Language is also the underpinning rationale of her Earthsea sequence of novels and stories. As I noted last month, I have recently picked up again and finished reading this after a break of two decades – starting from Tehanu, moving on through Tales of Earthsea and concluding with The Other Wind. Earthsea is a world which consists entirely of an island archipelago, where magic occupies the intellectual space where we have science and technology. It's not your average sloppy, wish fulfillment magic though. It's a scientific magic, hard won, imperfectly understood, undermined by prejudice, its development and application driven often by commerce.

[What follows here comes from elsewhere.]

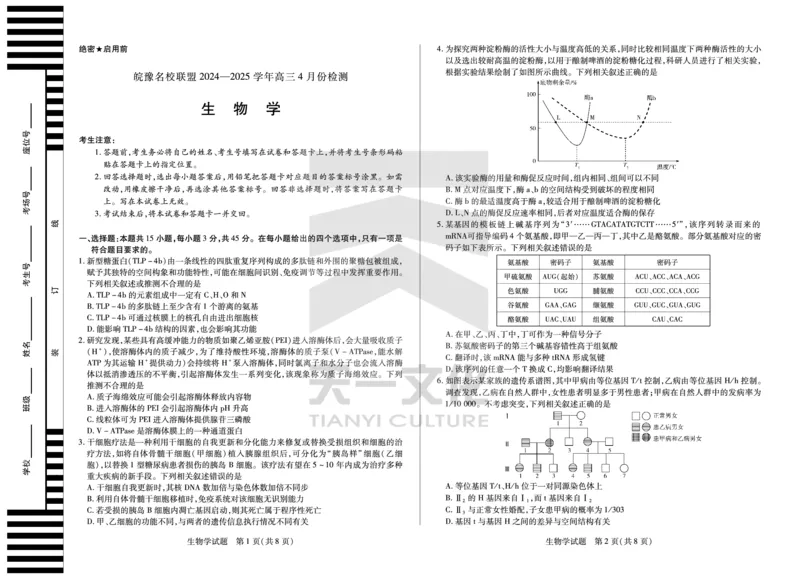 皖豫名校联盟2024-2025学年高三4月份检测生物_2025年4月_250423安徽省天一大联考皖豫名校联盟2024-2025学年高三4月份检测（全科）_皖豫名校联盟2024-2025学年高三4月份检测生物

Earthsea's magic is based in incomplete knowledge of "the true speech" or "the language of making" – the language in whose words the world was created, in which not only every person but every animal, every plant, every pebble, every grain of sand, every component of those things, has a "true name". Research involves seeking more knowledge of this first ur-language. Once the true name of something is known, it can be magically manipulated; until then, it cannot although it may be affected by manipulation of objects and circumstances around or within it. There are strong echoes here of the Kabala ("In the beginning was the word..."), but also of the age of reason.
(She shows her fascination with words in smaller and more literary ways, too. The protagonist in The Telling, for instance, is a Hindu woman named Sutty. In long term bereavement after the death of her lover, she has allowed herself to sink into emotional death ... and "sutty" or "suttee" was once a practice in which some Hindu women immolated themselves alive on the funeral pyres of their husbands.)
This concern with language is not just a skill, nor just a theme; it intertwines and underwrites and permeates all of le Guin's work – and is what sets her apart, making her the phenomenon she is. Unlike most fantasy writers, she is an intellectual force as well as an entertainer – and her real concerns are in the reality of here and now. To quote from her introduction to Tales of Earthsea:
"So people turn to the realms of fantasy for stability, ancient truths, immutable simplicities. And the mills of capitalism supply them. Supply meets demand. Fantasy becomes a commodity, an industry. Commodified fantasy takes no risks: it invents nothing, but imitates and trivialises. ... Profoundly disturbing moral choices are sanitized, made cute, made safe."
Le Guin herself is an antithesis of, and antidote to, all of that – and language is at the heart of her.
Le Guin, Ursula K. The Telling. 2000, New York, Harcourt.
Le Guin, Ursula K. The Wind's Twelve Quarters. 1975, New York, Harper & Row.
Le Guin, Ursula K. The Compass Rose. 1982, New York, Harper & Row.
Le Guin, Ursula K. Tehanu: the last book of Earthsea. 1st ed. 1990, New York: Atheneum.
Le Guin, U.K., Tales from Earthsea. 1st ed. 2001, New York: Harcourt.
Le Guin, Ursula K. The Other Wind. 1st ed. 2001, New York: Harcourt.